Effect of salt and ionic strength on swelling

Electrical neutrality for the synthesized hydrogel is balanced by the potassium ions of the neutralizing medium, which will give an ionic concentration difference inside and outside the gel in an aqueous medium. Thus the variation of SR at different salt solutions (Fig. 8) points to the facts that SR will be less in salt solutions than in distilled water and the ionic strength of environment affects the swelling of the hydrogels. Swelling ratios of hydrogel were found to decrease in NaCl, CaCl2 and AlCl3 solutions with increased ionic strength (0.001–0.009 M) of the salt solution. This can be due to the osmotic pressure developed due to the difference in mobile ion concentration between the gel and the aqueous solution.

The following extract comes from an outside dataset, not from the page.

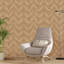 300cm X 60cm Wallpaper Roll-1852136647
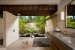 Beige Bathroom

It is observed that at a fixed concentration of salt solutions the SR was in the order NaCl > CaCl2 > AlCl3 indicate the dependence of SR on the valency of the added ion. This dramatic decrease of water absorbency in multivalent cationic solutions could be related to the complexing ability of carboxylate groups (both inter and intra) and thus causes an increase in crosslinking density [42].

Fig. 8
figure 8

Variation of swelling behavior of K3 hydrogel as a function of concentration of salt solutions at room temperature

Full size image

Reswelling of the hydrogel

The hydrogel when added to double distilled water, it absorbs water and swell. This swollen hydrogel when added in 0.01 M NaCl solution it starts to shrink (deswelling) due to the difference in the concentration of free ions inside and outside of the gel. Thus the deswelled hydrogel will swell again if it is made into contact with double distilled water. The results were so interesting that even after reswelling three or four times they retained their capacity as depicted in Fig. 9 indicating the effectiveness and reusability of the synthesized PAAAM hydrogel for technical applications, especially in sewage water purification.

Fig. 9
figure 9

Swelling and reswelling cycles of K3 hydrogel

Full size image

Conclusions

The hydrogels prepared by the copolymerization of acrylic acid and maleic acid could have wide practical applications which includes industrial waste water treatment. Cross link density and tensile strength of the hydrogel increased with increase in the amount of cross linker but its corresponding swelling value decreased. Amount of cross linker used is thus optimized to 0.25 mol%.The synthesized intelligent hydrogel showed environmental responsive swelling behavior—a noticeable property. The hydrogel possessed good hydrophilic property due to the presence of acrylic acid and maleic acid and also have high mechanical strength. The MA concentration also optimized from the swelling experiments at different pH of the medium. MA incorporation in the hydrogel increased the thermal strength and water absorption capacity of the gel. The reswelling experiment was confirming the reuse of the hydrogel. All these make this hydrogel acceptable for potential usage in water treatment processes.